And with help like that, who needs harm.
But you soldier on.
Consider an ant colony taking refuge in your pantry during damp humid days.
Why would these pesky varmints do that?
To live, to nest, to cause domestic discontent at a species level?
Such a hassle to clean out the pantry and possibly re-line it, seeing someone left the lid off the honey and it dripped.
Not to mention the genocide that will have to be waged with the ant rid.
Overkill perhaps? That'll be the plan.
But doesn't it just illustrate humanity's capacity to stuff things up and then blame the victim?
Consider the dead oregano in your vegie patch. Victim of an attempt to spray nearby weeds that breezy afternoon.
Instructions warned about collateral damage. But collateral damage seems so naturally the outcome when you're trying to improve things. Usually unnaturally, or at least unintentionally.
Aiming low in terms of spray trajectory, but also positive outcomes. The answer was blown in the wind, and onto the oregano.
Now the oregano's dead because you attempted to help it live, and the weeds are thriving.
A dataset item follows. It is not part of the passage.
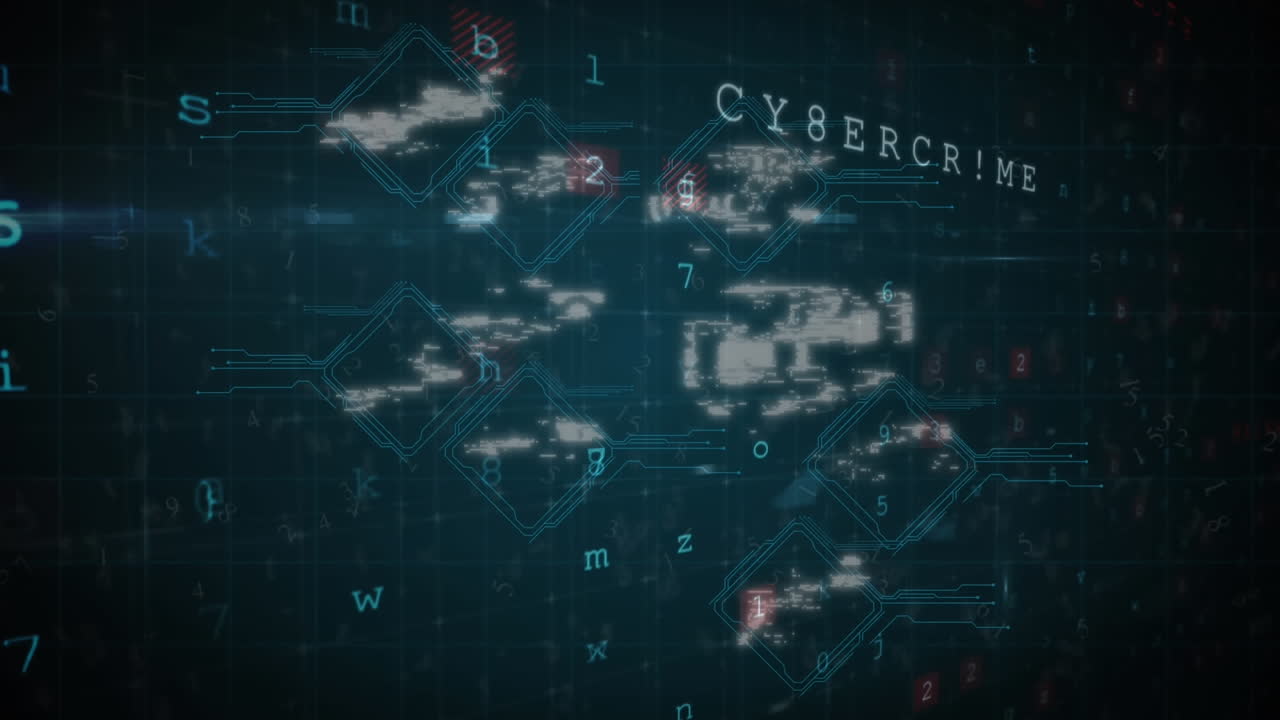 Animation of network of connections with icons and padlock
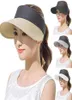 Sagace Fashion Hat Womens Straw Sun Visor Hat Roll Up Wide Brim UV Protective Sun with Empty Top Straw Summer for Women2589958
If only we could flavour food with bindii.
Maybe spray round the pantry next time and hopefully take down the ants.
It's an inexact science establishing domestic hegemony and it can be lethal for bystanders.
We were remembering our fishy the other day, in this sad, lamentable way.
Dear, dear Poisson - French for "fish".
A bit like naming your cat, Cat, minus the outrageous French accent.
Unnervingly indicative, too, of the way Poisson was to meet its maker, if you focus on the spelling.
And really, we were only trying to make things better by getting rid of flies.
For two years Poisson tread water atop our mantle-piece, staring out from its fish bowl, while we stared in from ours.
Hopefully not forlornly, although such is the station of stationary beings.
I wonder to this day if the love we felt was reciprocated by our fish in anything more than a Stockholm Syndrome kind of way.
Probs not after we sprayed the room with insect repellent that fatal day.
And when I say 'fatal" I meant fateful, but homicidal is how it unfolded for Poisson.
Found floating, morte, on the surface when we got home.
Another victim or humanity's urge to better their environment only to poisson the situation.
Oh well, in typical human fashion you give yourself a spray of a different kind, and unlike Poisson, or the oregano and maybe the ants, you get back up and go again.